Long story short, the sensitive data can be available only on production environment in processable format.

Almost all (or all) service providers have already encountered such a demand from customers, that data have to be masked on the non-prod instance after some specific operations, like back-cloning, or 3rd party interface data collection. I'm sure that there are a lot of custom solutions for this problem, like post back-cloning scripts, Fix scripts, or just simple script includes which are responsible for data protection on sub-production instances.

In this article I will introduce a solution to this problem, with the help of out-of-the-box ServiceNow features.

ServiceNow Vault

ServiceNow has a product, which is called ServiceNow Vault. This product consist of several security related solutions, like, Platform encryption, Data anonymization, Secret management or Code signing.

These capabilities give high level data protection for customers, which is expected by authorities.

Data Anonymization

Data Anonymization gives the possibility to mask data on a specific environment and make it impossible to process or be accessed by unauthorised users. In order to be able to do feature implementations or bug fixing, the non-production environment must have data in the database, but sensitive information should be concealed.

The following part of the article is going to describe how it can be configured, used and also highlights its limitations.

So let's get started!

Data classification

In order to use this feature, data has to be classified. Only classified fields can be anonymized. Data classification is a simple process in ServiceNow (it is enabled by default), which gives another layer of categorization or grouping possibilities.

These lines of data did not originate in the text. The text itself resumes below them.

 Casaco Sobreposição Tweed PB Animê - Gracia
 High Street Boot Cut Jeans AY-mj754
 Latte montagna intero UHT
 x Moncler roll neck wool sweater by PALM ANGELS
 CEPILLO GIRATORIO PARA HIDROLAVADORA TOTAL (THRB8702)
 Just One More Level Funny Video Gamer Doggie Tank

There is a new, user friendly front-end (coming with Tokyo release) which can be used to configure the data privacy settings in the system. This layout cannot be accessed without having the necessary role(s).

Roles

The Data Privacy application gives a security layer to the data. The functionality related to this can be accessed with elevated roles.

There are four roles related to the Data privacy application:

data_privacy_admin
- Can create technique and policy configurations. Cannot create, read or view jobs
data_privacy_auditor
- Can only view jobs
data_privacy_clone_processor
- Can create / modify / remove jobs, related to dataclass-based policies
data_privacy_processor
- Cancreate / modify / remove jobs, related to user-based policies

If a user has the data_privacy_admin role, one new element appears on the Elevate role modal window.

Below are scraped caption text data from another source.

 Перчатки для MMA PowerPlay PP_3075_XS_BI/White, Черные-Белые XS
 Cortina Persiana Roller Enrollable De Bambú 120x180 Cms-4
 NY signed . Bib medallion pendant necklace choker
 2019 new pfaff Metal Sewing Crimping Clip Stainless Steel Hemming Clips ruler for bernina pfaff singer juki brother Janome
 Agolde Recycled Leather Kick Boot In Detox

Configure Data Anonymization

The main configuration page is split into three parts:

Overview
- It gives an overall picture about the classified data based on some charts and also contains information about the purpose of data classification / anonymization.

Classification
- This is a simplified layout where the classification actions can be done

Anonymization
- This is the workbench of data anonymization. There are three actions which can be done on this layout:
  - Check / manage anonymization techniques
  - Manage anonymization policies
  - Manage jobs

Anonymization techniques

There are five predefined techniques (methods), which defines how the data will be masked:

Selective Replace
- It can be defined which character(s) of a string will be replaced to a specific one.
Static Replace
- The content of the field will be replaced to the specified string.
Random Replace
- Random characters will be used during the string replacement operation.
Remove
- This technique removes the content of field(s).
No action
- This technique doesn't do any actions on the content of field(s). This action can be useful if a specific field has to be bypassed.

It is possible to create a custom technique, but the options are quite limited. All custom techniques are based on OOTB ones.

When new technique is being created, one of the four base techniques can be selected:

Let's see the possibilities regarding customization.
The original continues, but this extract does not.